• [Exercise description] Scan the material below for the string "Game", and copy every line where it shows up.

• [Data extract]

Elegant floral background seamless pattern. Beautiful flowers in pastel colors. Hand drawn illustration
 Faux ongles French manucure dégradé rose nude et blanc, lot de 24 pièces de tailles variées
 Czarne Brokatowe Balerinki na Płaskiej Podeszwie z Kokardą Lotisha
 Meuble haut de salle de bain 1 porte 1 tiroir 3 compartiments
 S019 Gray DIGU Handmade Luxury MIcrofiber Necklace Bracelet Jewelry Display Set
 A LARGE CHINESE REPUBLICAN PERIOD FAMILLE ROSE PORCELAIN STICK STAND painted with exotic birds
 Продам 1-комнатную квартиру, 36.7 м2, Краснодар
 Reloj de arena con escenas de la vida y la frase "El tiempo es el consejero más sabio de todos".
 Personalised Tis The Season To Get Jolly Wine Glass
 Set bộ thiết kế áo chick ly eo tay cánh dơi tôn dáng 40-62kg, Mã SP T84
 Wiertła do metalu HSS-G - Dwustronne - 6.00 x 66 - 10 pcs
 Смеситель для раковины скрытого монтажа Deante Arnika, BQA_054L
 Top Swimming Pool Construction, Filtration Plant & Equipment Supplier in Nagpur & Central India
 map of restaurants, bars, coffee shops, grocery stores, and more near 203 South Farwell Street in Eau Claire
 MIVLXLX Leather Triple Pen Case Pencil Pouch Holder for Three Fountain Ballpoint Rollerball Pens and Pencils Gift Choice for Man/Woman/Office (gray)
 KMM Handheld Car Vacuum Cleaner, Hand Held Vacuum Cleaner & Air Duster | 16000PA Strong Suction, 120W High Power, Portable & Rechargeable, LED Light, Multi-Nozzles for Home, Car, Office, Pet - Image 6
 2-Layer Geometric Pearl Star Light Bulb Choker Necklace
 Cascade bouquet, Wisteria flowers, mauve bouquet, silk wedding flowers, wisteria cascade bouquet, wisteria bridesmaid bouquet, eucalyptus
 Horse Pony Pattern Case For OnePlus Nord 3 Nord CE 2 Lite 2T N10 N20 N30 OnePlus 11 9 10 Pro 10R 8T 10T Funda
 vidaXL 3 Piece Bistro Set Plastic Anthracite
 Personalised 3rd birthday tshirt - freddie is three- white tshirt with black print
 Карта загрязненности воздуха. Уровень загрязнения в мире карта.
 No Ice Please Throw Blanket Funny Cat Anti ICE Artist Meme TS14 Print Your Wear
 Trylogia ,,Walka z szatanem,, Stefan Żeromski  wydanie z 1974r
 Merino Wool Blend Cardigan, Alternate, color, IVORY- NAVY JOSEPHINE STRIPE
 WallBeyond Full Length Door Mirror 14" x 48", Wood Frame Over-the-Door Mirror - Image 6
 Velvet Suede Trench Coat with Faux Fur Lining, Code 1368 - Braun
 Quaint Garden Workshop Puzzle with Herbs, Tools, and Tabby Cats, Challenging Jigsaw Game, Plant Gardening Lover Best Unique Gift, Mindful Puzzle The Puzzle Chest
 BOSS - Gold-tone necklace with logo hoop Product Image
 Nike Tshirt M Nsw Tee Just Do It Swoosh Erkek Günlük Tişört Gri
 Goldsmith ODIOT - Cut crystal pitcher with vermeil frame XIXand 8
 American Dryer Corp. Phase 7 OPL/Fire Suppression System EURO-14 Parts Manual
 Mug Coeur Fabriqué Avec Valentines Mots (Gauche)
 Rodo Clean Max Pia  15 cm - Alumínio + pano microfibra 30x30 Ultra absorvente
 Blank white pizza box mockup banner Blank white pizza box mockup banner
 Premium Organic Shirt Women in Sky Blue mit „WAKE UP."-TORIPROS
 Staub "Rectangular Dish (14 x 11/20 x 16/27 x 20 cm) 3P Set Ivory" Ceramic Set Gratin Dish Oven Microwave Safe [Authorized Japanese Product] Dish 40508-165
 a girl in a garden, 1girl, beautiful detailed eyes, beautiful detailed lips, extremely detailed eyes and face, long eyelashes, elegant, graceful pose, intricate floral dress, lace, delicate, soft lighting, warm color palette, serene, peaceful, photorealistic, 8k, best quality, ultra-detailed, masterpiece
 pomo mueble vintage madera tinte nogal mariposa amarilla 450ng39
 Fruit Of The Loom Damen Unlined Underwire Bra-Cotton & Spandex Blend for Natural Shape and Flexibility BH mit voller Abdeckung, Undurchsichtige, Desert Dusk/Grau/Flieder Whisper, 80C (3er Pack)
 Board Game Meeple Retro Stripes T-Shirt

• [Output of the exercise]
 Quaint Garden Workshop Puzzle with Herbs, Tools, and Tabby Cats, Challenging Jigsaw Game, Plant Gardening Lover Best Unique Gift, Mindful Puzzle The Puzzle Chest
 Board Game Meeple Retro Stripes T-Shirt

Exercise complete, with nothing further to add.